▶ **Task statement**
Among the entries that follow, find every line with the word "sink" and copy it.

▶ **Extracted information**
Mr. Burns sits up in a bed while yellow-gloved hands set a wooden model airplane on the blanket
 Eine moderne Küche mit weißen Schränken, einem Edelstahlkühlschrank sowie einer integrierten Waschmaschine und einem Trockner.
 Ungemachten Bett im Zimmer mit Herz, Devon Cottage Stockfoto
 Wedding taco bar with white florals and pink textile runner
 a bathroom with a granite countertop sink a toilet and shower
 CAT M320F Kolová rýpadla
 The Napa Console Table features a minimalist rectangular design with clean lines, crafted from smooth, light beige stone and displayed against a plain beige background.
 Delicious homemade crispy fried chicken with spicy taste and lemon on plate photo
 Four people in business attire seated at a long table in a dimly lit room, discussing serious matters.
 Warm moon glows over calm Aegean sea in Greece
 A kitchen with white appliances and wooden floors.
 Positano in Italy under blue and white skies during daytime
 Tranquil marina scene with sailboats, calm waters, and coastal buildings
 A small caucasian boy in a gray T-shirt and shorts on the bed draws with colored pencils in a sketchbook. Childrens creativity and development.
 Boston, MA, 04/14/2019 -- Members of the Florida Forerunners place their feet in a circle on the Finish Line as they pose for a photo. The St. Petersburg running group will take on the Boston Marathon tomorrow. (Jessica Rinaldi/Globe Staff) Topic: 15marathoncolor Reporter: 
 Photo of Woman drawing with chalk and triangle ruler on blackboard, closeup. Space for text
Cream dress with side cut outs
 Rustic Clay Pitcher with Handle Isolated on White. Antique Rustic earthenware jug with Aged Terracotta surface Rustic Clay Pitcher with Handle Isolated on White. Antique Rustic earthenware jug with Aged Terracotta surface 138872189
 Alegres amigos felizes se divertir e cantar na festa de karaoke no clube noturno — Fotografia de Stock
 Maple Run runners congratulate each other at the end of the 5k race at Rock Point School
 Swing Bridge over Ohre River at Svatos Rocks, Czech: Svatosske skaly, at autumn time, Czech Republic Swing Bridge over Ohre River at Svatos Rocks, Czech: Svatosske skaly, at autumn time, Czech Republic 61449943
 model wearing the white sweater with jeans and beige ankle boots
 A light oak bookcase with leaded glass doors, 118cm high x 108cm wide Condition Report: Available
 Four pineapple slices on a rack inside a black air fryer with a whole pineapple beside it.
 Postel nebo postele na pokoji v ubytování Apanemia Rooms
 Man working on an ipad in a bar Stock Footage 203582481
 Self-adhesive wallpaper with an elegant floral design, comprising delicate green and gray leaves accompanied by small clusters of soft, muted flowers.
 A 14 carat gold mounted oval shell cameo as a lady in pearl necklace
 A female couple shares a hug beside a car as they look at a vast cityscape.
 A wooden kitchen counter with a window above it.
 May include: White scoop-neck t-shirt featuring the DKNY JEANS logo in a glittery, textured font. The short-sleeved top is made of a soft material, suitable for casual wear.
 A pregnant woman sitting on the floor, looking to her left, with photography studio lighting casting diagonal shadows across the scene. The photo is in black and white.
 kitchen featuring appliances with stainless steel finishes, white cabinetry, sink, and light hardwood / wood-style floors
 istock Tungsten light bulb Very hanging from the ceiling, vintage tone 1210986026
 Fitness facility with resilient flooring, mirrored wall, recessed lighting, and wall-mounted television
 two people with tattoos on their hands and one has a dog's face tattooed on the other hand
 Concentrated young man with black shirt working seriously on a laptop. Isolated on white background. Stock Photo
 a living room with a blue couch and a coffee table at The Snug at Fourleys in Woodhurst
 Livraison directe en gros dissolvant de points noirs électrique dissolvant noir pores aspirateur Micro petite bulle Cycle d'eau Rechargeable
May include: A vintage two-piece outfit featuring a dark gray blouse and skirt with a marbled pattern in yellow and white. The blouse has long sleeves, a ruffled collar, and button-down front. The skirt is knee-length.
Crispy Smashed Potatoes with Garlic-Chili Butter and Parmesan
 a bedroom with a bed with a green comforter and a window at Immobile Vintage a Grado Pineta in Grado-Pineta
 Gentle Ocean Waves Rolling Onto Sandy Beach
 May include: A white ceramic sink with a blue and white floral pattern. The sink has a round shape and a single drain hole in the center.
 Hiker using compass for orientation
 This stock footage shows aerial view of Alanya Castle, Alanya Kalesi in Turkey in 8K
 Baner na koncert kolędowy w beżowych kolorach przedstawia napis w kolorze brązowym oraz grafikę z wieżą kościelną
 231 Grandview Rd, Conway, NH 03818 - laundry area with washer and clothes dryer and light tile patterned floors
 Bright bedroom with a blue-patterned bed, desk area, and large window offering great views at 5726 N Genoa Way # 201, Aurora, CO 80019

▶ **Solution**
 a bathroom with a granite countertop sink a toilet and shower
 kitchen featuring appliances with stainless steel finishes, white cabinetry, sink, and light hardwood / wood-style floors
 May include: A white ceramic sink with a blue and white floral pattern. The sink has a round shape and a single drain hole in the center.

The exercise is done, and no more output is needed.